Pengamat sosial dari Universitas Indonesia Devie Rahmawati menilai, ada dua hal yang harus dilihat di balik maraknya fenomena ini, yaitu motif dan tren meningkatnya ketidakpercayaan publik.
Menurut dia, kemunculan Keraton Agung Sejagat memiliki motif yang berbeda dibandingkan dengan tiga kerajaan fiktif lainnya. Kerajaan Agung Sejagat memiliki motif ekonomi sama seperti investasi bodong Memiles guna menggalang dana ilegal dari masyarakat.
“Ini yang berbahaya. Apalagi bila ini pidana, (ada unsur) kebohongan, ini tentu berbahaya. Ini sama saja dengan kasus Memiles yang memang kriminal,” kata Devie kepada Kompas.com, Jumat (24/1/2020).

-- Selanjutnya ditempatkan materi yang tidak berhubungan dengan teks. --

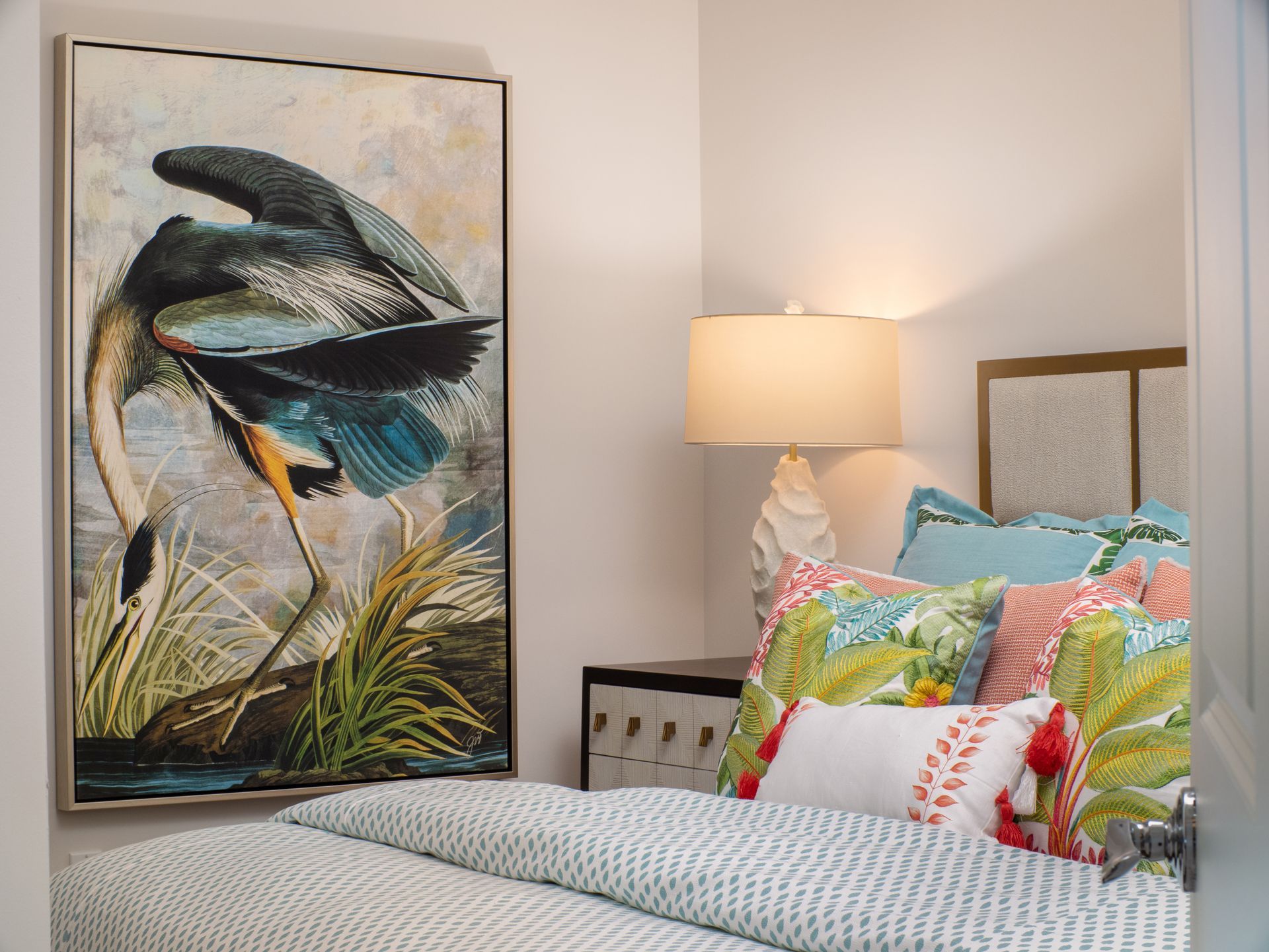 Bedroom with heron painting over a bed with colorful pillows and a bedside lamp.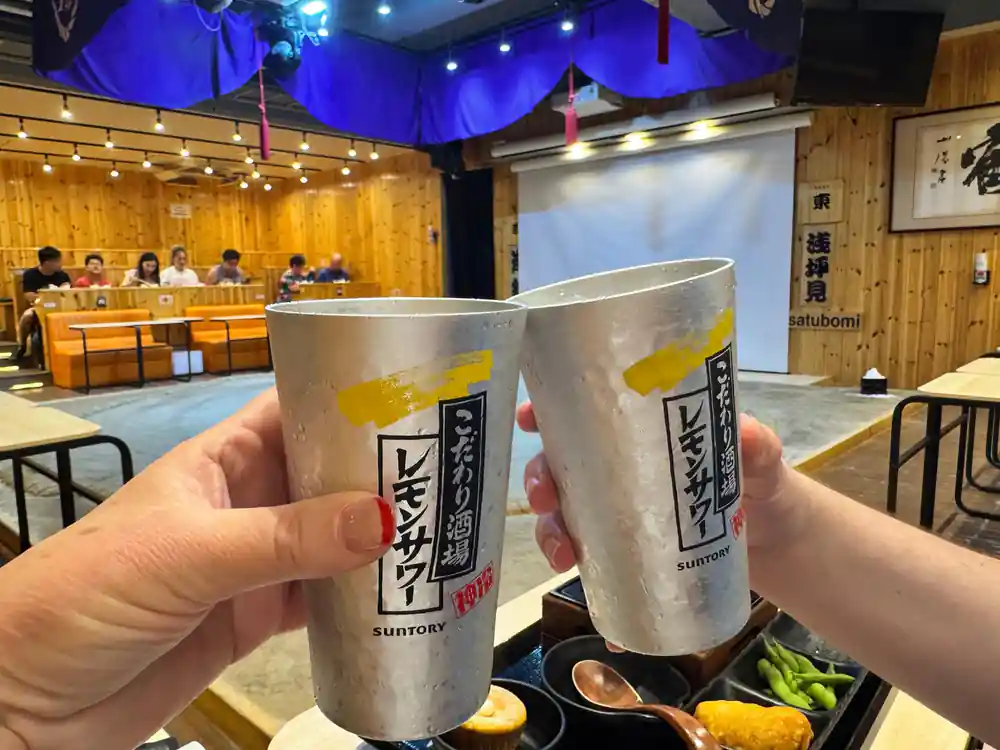 Two metal cups with Japanese text at indoor venue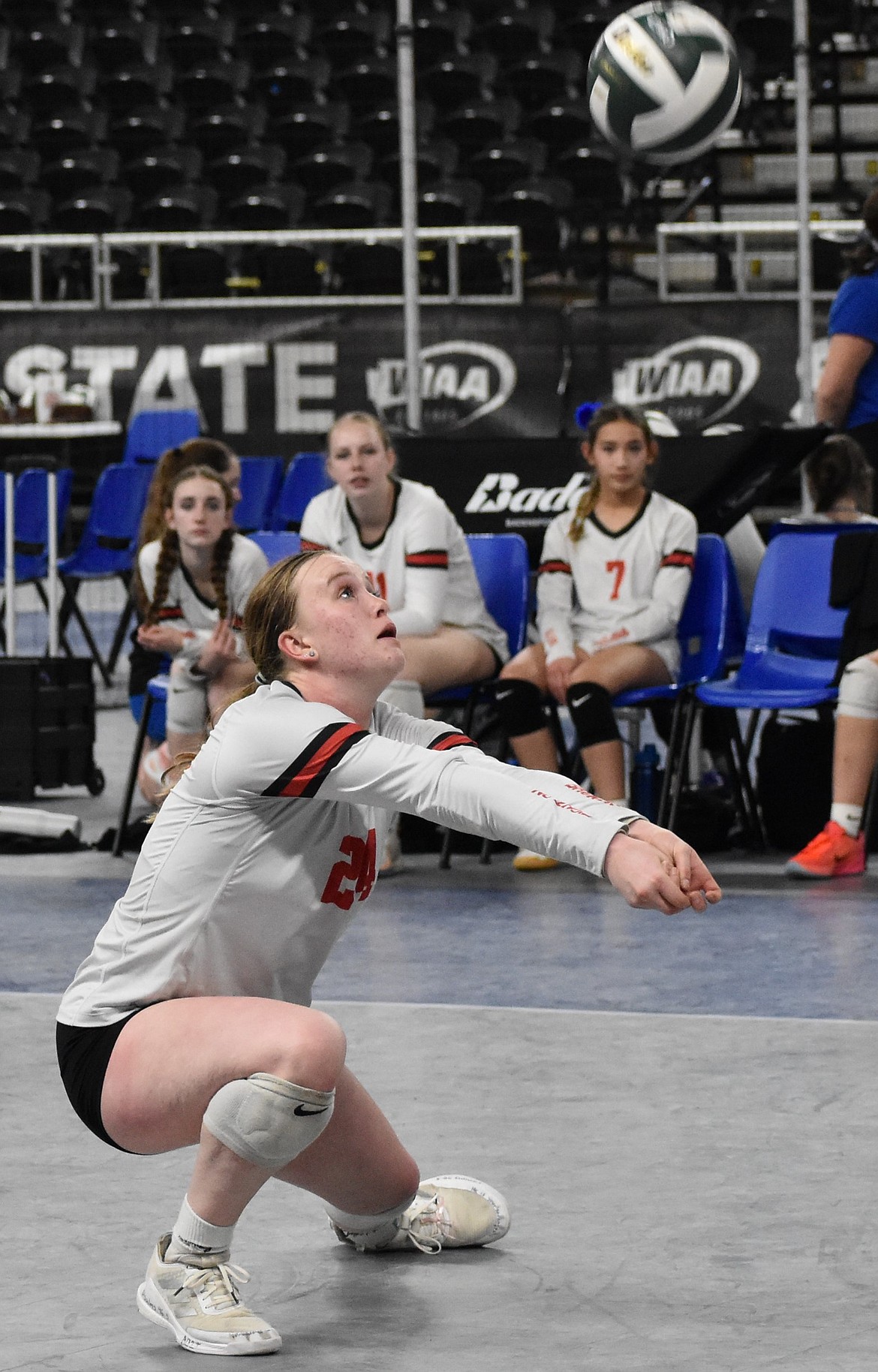Broncos senior volleyball player Hannah Towne gets down low to hit the ball during the battle against Manson. Head Coach Cari Galbreath said the three seniors all contributed successfully in their roles throughout the season.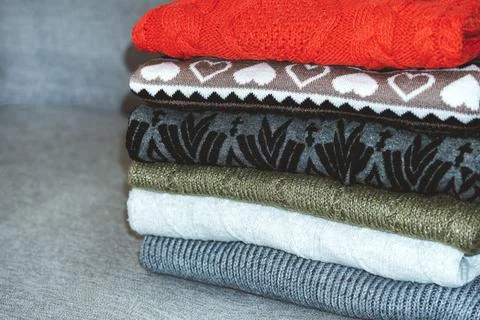 Stack of sweaters, jumpers Stock Photos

Baca juga: Raja Keraton Agung Sejagat Masih Mengelak soal Motif Penarikan Uang ke Pengikutnya
Sedangkan, tiga kerajaan fiktif lainnya diduga muncul akibat menguatnya tren ketidakpercayaan publik terhadap sejumlah pihak, mulai dari pemerintah, media hingga atasan mereka di kantor.
Masyarakat cenderung percaya dengan hal-hal yang berbau konspiratif, spekulatif dan mistis untuk menjawab segala rasa penasaran mereka secara singkat.

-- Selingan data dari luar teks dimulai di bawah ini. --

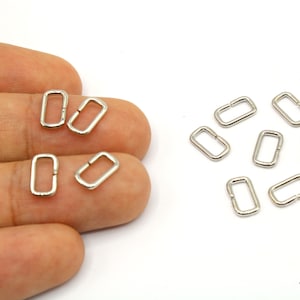 May include: A collection of small, silver-colored rectangular metal rings, approximately 10mm in size, displayed on a white background. Some rings are held in a hand, while others are scattered. These findings are suitable for jewelry making and crafts.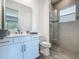Bathroom features modern vanity with stone countertops and glass enclosed shower at 235 Hampton Loop, Davenport, FL 33837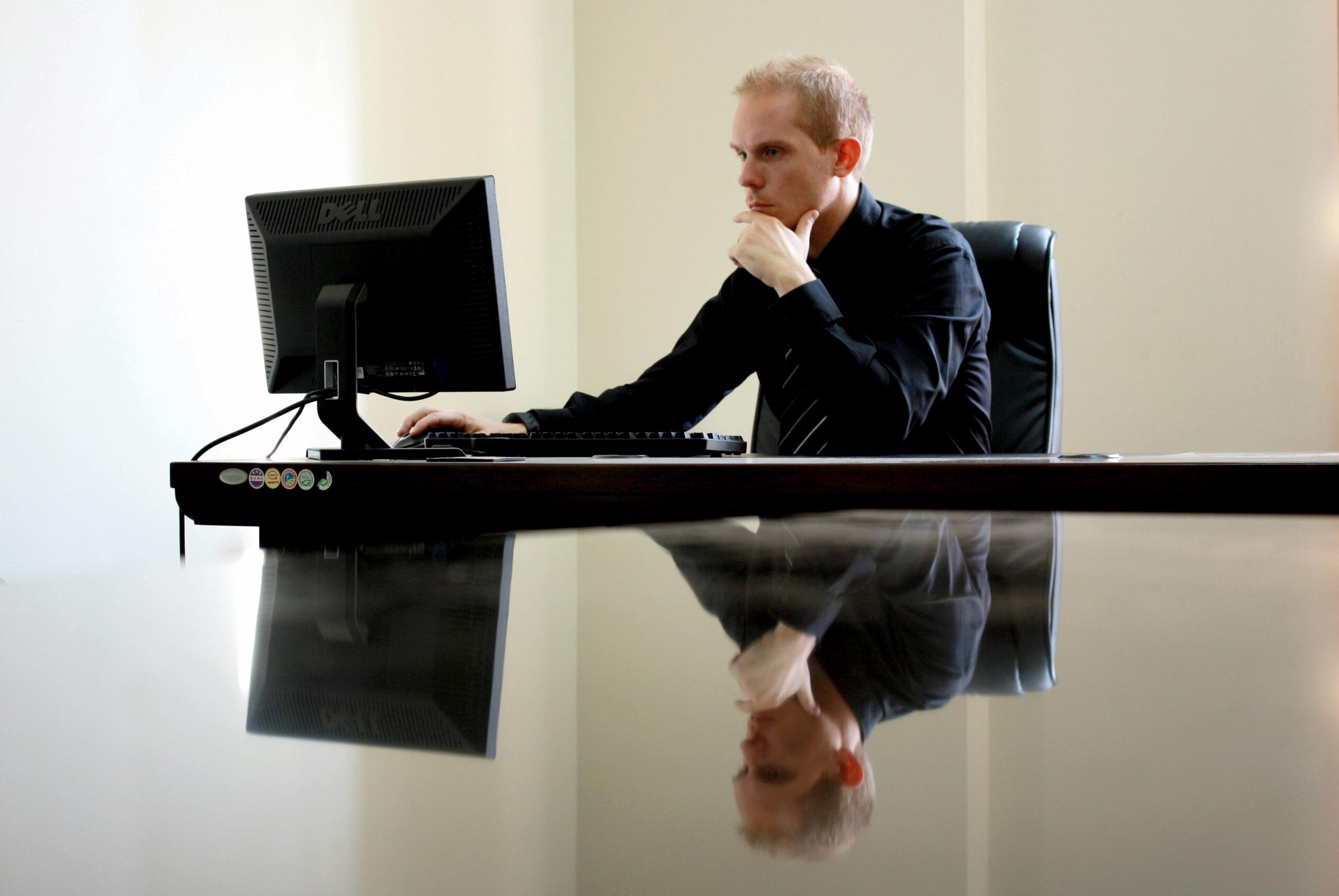 Business professional sitting at a desk in a modern office, working on a desktop computer with a thoughtful expression, reflected on a glossy table surface.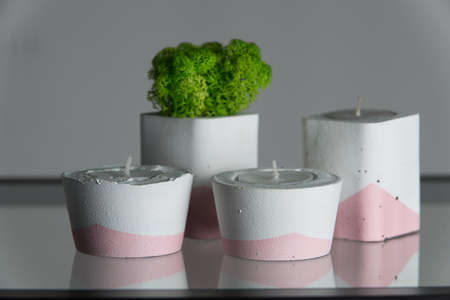 candles and moss in white and pink concrete candle holders.の写真素材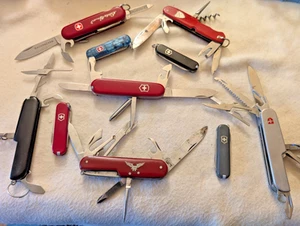 LOT OF 10 VICTORINOX SWISS ARMY KNIVES -DELAMONT, CLASSIC, MISC. - SOME RARE - Picture 1 of 18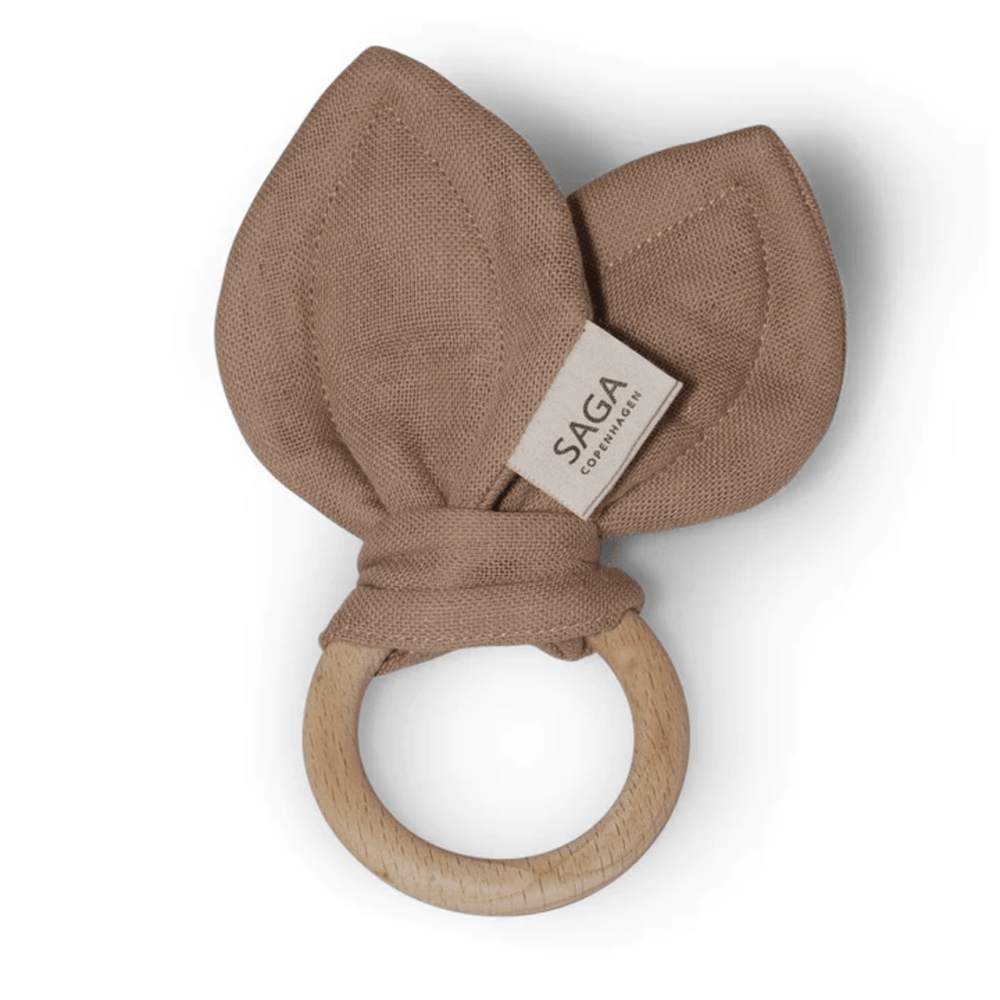 A Saga Copenhagen organic cotton teething ring made with beechwood, featuring a brown leaf on it.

Tren seperti ini, sebut dia, tidak hanya terjadi di Indonesia, tetapi hampir di seluruh dunia. Termasuk negara barat yang memiliki pola pikir serta kemampuan finansial yang lebih baik dibandingkan masyarakat Indonesia.

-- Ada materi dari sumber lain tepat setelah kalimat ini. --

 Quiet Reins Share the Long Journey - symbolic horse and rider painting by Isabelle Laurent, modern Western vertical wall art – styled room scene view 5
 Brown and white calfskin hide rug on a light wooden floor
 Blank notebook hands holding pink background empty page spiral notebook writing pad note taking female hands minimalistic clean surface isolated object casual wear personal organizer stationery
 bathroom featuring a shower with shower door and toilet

“Penelitian Cambridge di sembilan negara selama enam tahun menunjukkan ternyata masyarakat barat sendiri, masyarakatnya juga semakin percaya dengan hal-hal yang sifatnya konspiratif, tidak rasional. Artinya, kita tidak bisa bilang bahwa masyarakat kita adalah bangsa atau masyarakat yang terbelakang,” kata dia.
“Ini tidak ada hubungannya dengan latar belakang pendidikan, ekonomi, suku, agama dan ras. Tapi ini lebih terkait pada kondisi, satu, sosial politik masyarakat, dua, kemanusiaan masyarakat itu sendiri,” imbuh Devie.
Baca juga: Bertemu Sultan HB X, Puan Maharani Bahas Keraton Agung Sejagat dan Sunda Empire
Sebagai contoh, ketika kontestasi politik berlangsung pada 2017 lalu, munculnya dua kutub kekuatan menguatkan polarisasi di masyarakat.
Hal itu tidak terlepas dari derasnya arus informasi yang juga mengalir ke media sosial, sehingga mengakibatkan masyarakat menjadi kian bingung dalam memilah informasi.
Persoalan timbul ketika tidak sedikit masyarakat Indonesia yang cenderung malas untuk bertanya dan mencari tahu kebenaran atas sebuah informasi.
Sementara, rasa tidak percaya terhadap tiga pihak sebelumnya, membuat mereka akhirnya ‘melarikan diri’ ke orang-orang terdekat seperti teman dan keluarga yang tidak memiliki kapasitas dan kapabilitas dalam menyaring informasi.
“Di sini kemudian potensi masuknya informasi yang tidak kredibel itu masuk. Kenapa? Kalau sudah teman yang bicara, keluarga yang bicara, kita tentu tidak akan lagi mempertanyakan. Karena artinya itu akan mengganggu hubungan sosial kita,” ucap Devie.
“Ketika ibu kita mengatakan, lho masa sih ibu kita akan membohongi kita? Jadi itu membuat informasi-informasi yang spekulatif, konspiratif, itu menjadi mudah untuk meresap masuk pikiran masyarakat,” imbuh dia.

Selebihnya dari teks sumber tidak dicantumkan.